Son yıllarda iklim değişikliğine yönelik sözleşmelerin imzalanması ve önlemlerin hayata geçirilmesi sonucunda, bu konudan sorumlu olan gelişmiş ülkeler sera gazı emisyonlarını azaltmaya çalışmaktadırlar.

Diğer yandan, sera gazını artıran ve kirlilik yaratan sektörlerdeki üretim faaliyetlerini DYY aracılığı ile gelişmekte olan ülkelere transfer edebilmektedirler. Günümüzde DYY’nin gelişmekte olan ülkelerde CO2

emisyonunu artıran bir faktör olup olmadığı yoğun olarak tartışılan konulardan biridir. Dolayısıyla bu durum, DYY ve CO2 emisyonu arasındaki ilişkiye yönelik araştırmaların önemini artırmıştır. Literatürde DYY ve CO2

emisyonu ilişkisini inceleyen teorik ve uygulamalı çalışmalar iki farklı hipotez üzerine kurulmuştur. Bunlar;

DYY’nin ev sahibi ülkede CO2 emisyonunu artırdığını savunan Kirlilik Sığınağı Hipotezi (KSH) ve tam tersi yeşil teknoloji yatırımlarını destekleyen DYY’nin ev sahibi ülkede CO2 emisyonunu olumlu yönde etkilediği sonucuna ulaşan Kirlilik Hale Hipotezi (KHH)’dir.

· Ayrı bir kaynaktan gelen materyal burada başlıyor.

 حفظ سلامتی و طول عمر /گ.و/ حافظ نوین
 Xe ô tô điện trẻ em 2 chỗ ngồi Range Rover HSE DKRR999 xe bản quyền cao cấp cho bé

KSH, DYY’nin kısıtlayıcı çevre politikaları uygulayan gelişmiş ülkelerden nispeten gevşek çevre düzenlemelerinin, ucuz işgücünün olduğu ülkelere yönlendiği görüşüne dayanmaktadır. Hipoteze göre, gelişmekte olan ülkelerde bulunan yabancı yatırımların, nispeten çevrenin ve doğal kaynakların daha fazla

(4)

tüketildiği kirli sektörlerde gerçekleştirilmesi söz konusudur. Bu durum, gelişmekte olan ülkelerde çevre bozulmalarını artırmakta ve ev sahibi ülkeleri “kirlilik sığınağı” haline getirmektedir. Gelişmiş ülkelerde uygulanan çevresel düzenlemeler ve katı kurallar sebebiyle üretim maliyetleri yükselmektedir. Bu düzenlemelerin ve artan maliyetlerin, firmaların yatırımlarını gelişmekte olan ülkelere yöneltmesine sebep olduğu öne sürülmektedir (Güzel ve Okumuş, 2020: 3). Gelişmekte olan ülkelerin kirlilik sığınağı haline gelmelerindeki ana sebepler, yabancı yatırımcıya sunmuş oldukları esnek çevre düzenlemeleri, bol doğal kaynak ve ucuz iş gücüdür. Uluslararası firmalar, gelişmiş ülkeler yerine bu tür gevşek çevre düzenlemeleri olan gelişmekte olan ülkeleri seçmektedirler. Bu durum, yeni kirlilik sığınaklarının ortaya çıkmasına neden olmaktadır. Böylelikle, gelişmekte olan ülkelerde çevre kirliliği ve bozulmalar artış göstermektedir (Tamazian vd., 2009: 247).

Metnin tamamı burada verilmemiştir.